Subsequently, we looked at the absolute immunovariable levels post vaccination because we assumed that the overall effect of vaccination might have an influence on outcome – independent of the relative change. To take the different number of vaccinations given across patients and potential time kinetics into account, we used all available post-vaccination time points (from all available patients; n=patients).
As a result, we noticed that several variables measured after vaccination were indeed connected with clinical outcome: Post-vaccination ELISPOT IFNγ production significantly correlated with OS (Pearson correlation, p = 0.022, Fig. 5a) and could significantly separate survival curves (Kaplan-Meier analysis, p = 0.003, Fig. 5a). Similarly, post-vaccination CD8+ cell abundance in the blood correlated with OS (Pearson correlation, p = 0.026, Fig. 5b) and separated survival curves (Kaplan-Meier analysis, p < 0.001, Fig. 5b). Monocyte levels post vaccination showed the same association with OS (Pearson correlation: p < 0.001, Kaplan-Meier analysis: p = 0.008, not shown). Interestingly, this was also true for activated NK cells (Pearson correlation: p = 0.042, Kaplan-Meier analysis: p = 0.024, not shown). In an additional analysis that looked at the data from yet another angle (assuming the post-vaccination average of all time points as the relevant overall post-vaccination level), we registered that CD8+B7H1+ cells and CD4+B7H1+ cells correlated significantly with OS (Pearson correlation, p<0.001 for both) but could not separate survival curves (Kaplan-Meier analysis, CD8+B7H1+ p=0.219, CD4+B7H1+ p=0.085). All further post-vaccination results see Additional file 1: Table S4.
(Q1 + Q2 + Q3) Integration: Patients with “high” immune-capabilities showed better outcome under Audencel
Finally, we studied whether patients with generally “high” anti-tumor immune-capabilities were more likely to benefit from DC vaccination. Our assumption was that the single variables we had found previously could be condensed to one overall illustrative measure. Thus, we integrated prior insights into one parameter via a scoring system. To allow potential future usage as a clinical biomarker, we exclusively used pre-vaccination variables from the blood for that score.
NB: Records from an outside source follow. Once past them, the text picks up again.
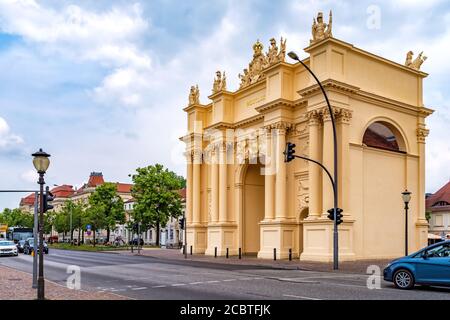 Das Brandenburger Tor auf dem Luisenplatz in Potsdam Stockfoto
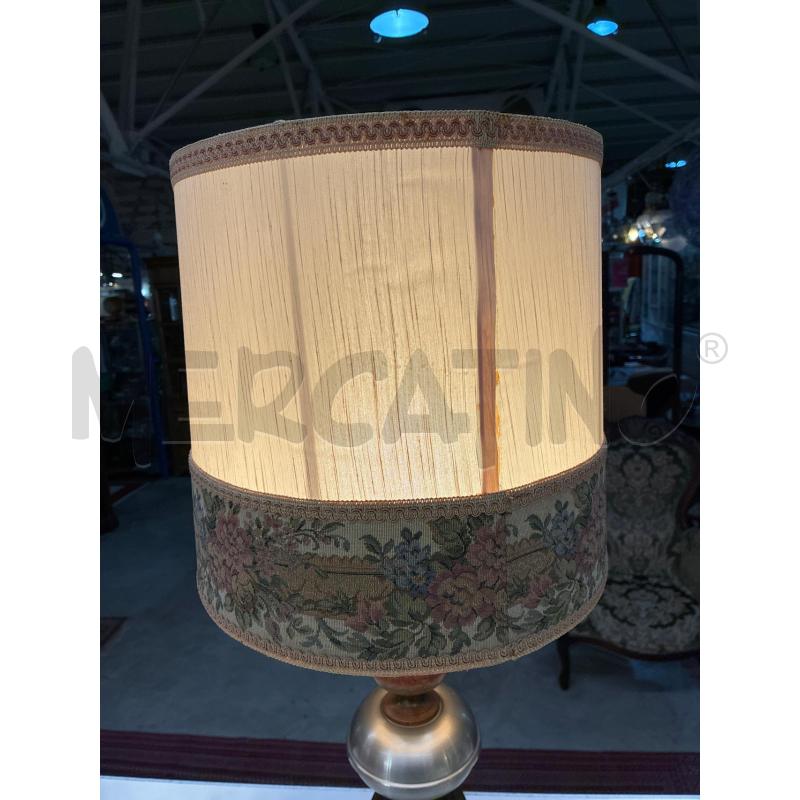 LAMPADA DA TAVOLO METALLO TORNITO LEGNO CAPPELLO BEIGE  FIORI  | Mercatino dell'Usato Teramo 3
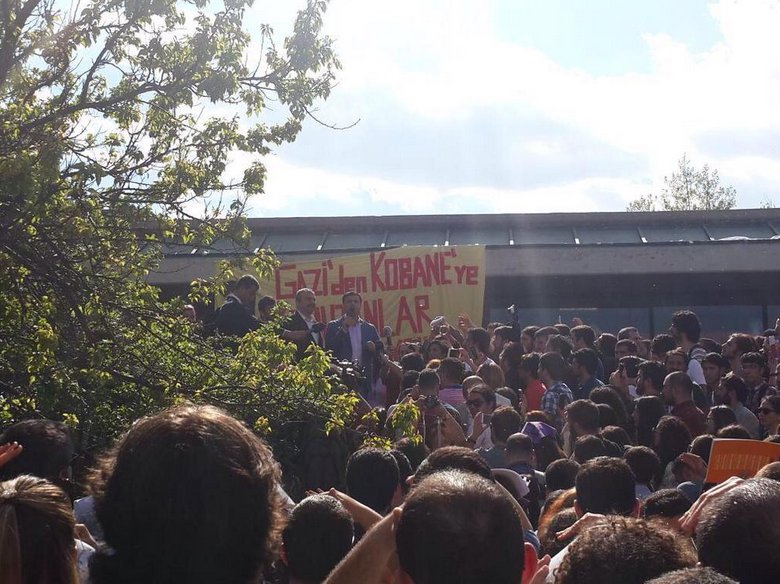 Yoldaşımız Sırrı Süreyya Önder'i kaybetmenin derin üzüntüsünü yaşıyoruz. 

Yıldızlar yoldaşı olsun. Anısı mücadelemize ışık tutacak.

Görseller: 6 Mayıs 2015 Önder - Demirtaş ODTÜ (U3 Amfisi) Etkinliği.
Up to 9 points were awarded for individual immunovariables and added up: “high” anti-tumor immune-capabilities were arbitrarily defined as 5–9 points, “low” immune-capabilities arbitrarily as 1–4 points. 1 point each was awarded for high levels (above the median) of Th1 indicators, IFNγ, GranzB, CD8+ cells and monocytes; 0 points were given for high levels of Tregs or low levels of all the other variables mentioned – again relative to the median (Additional file 1: Figure S3). Consequently, 12 of the treatment patients were classified as having “high” and 31 as having “low” capabilities.
As a result, we could observe that patients with “high” anti-tumor immune-capabilities had a significantly better outcome in terms of PFS (Kaplan-Meier analysis, p < 0.001, Fig. 6a) as well as OS (Kaplan-Meier analysis, p = 0.014, Fig. 6b). In the control group, only data from 7 patients were available for this analysis: no association with survival was registered for “high” immune-capabilities (p = 0.695, Additional file 1: Figure S4).
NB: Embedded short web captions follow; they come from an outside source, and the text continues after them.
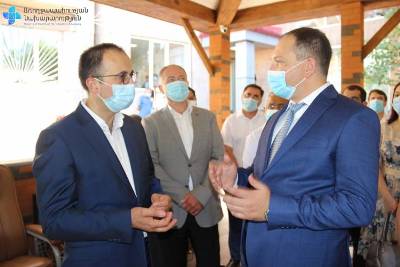 «Грапарак»: Почему Пашинян не объявляет об отставке главы Минздрава Армении?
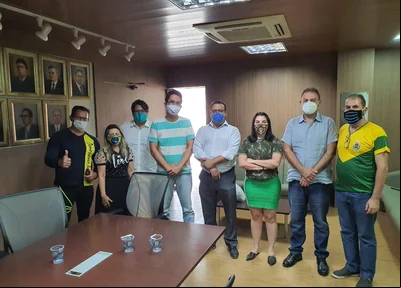 Reunião entre Jeová Alencar e empresários
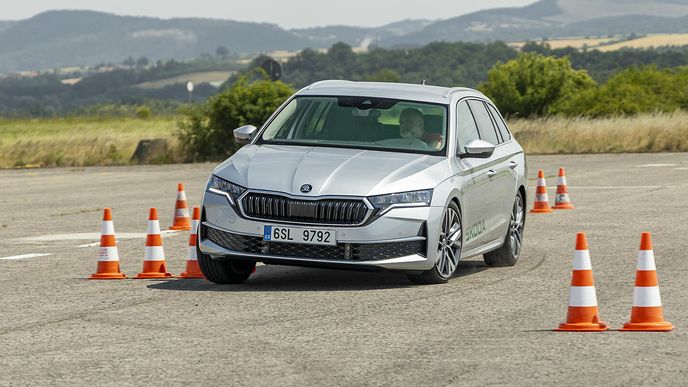 Škoda Octavia Combi 2.0 TDI DSG Škoda Octavia Combi 2.0 TDI DSG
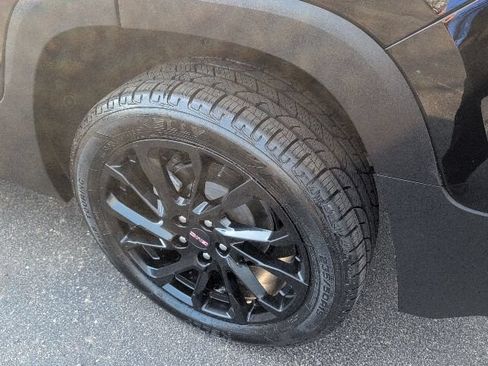 Used 2023 GMC Terrain SLT w/ Elevation Edition AWD/4WD image 15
Also, we checked whether patients with “high” immune-capabilities before vaccination were the ones that showed altered levels of immunovariables after vaccination. This was not the case. We found no significant difference in all relevant variables after vaccination between patients with “high” or “low” immune system-capabilities before vaccination (Additional file 1: Figure S5). Patients with “high” variable levels after vaccination were not necessarily the same patients that had “high” immune system-capabilities before vaccination.